**REQUIRED WORK**
Your answer should consist only of the lines below from the one with "Premium Double Room - Photo 9" through the one with "BathroomsBathrooms,Residential,For Rent,Belfast,0,1043139 232", copied exactly.

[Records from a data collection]
########################################
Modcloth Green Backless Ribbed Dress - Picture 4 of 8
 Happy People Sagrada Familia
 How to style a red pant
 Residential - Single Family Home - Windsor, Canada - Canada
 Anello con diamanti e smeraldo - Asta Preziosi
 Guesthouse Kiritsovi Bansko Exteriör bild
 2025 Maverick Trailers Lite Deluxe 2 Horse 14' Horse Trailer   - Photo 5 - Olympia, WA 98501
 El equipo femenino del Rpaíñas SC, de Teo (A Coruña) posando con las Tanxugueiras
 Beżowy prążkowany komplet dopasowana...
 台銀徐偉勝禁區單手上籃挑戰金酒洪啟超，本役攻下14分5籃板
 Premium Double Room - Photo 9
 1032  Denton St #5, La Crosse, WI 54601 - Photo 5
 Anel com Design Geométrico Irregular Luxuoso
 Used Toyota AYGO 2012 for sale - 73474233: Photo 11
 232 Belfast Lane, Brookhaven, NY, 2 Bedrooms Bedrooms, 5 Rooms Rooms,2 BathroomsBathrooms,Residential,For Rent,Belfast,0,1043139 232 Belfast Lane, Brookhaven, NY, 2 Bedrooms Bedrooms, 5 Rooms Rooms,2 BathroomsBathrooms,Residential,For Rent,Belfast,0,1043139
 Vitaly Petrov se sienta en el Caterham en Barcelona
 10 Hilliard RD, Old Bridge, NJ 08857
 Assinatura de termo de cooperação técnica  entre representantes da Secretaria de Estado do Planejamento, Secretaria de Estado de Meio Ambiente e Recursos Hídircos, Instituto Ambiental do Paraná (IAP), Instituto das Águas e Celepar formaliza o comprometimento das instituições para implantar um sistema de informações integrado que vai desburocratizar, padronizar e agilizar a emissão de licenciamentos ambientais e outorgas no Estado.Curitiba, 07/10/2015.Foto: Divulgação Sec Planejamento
########################################
**SOLUTION TO THE EXERCISE**
 Premium Double Room - Photo 9
 1032  Denton St #5, La Crosse, WI 54601 - Photo 5
 Anel com Design Geométrico Irregular Luxuoso
 Used Toyota AYGO 2012 for sale - 73474233: Photo 11
 232 Belfast Lane, Brookhaven, NY, 2 Bedrooms Bedrooms, 5 Rooms Rooms,2 BathroomsBathrooms,Residential,For Rent,Belfast,0,1043139 232 Belfast Lane, Brookhaven, NY, 2 Bedrooms Bedrooms, 5 Rooms Rooms,2 BathroomsBathrooms,Residential,For Rent,Belfast,0,1043139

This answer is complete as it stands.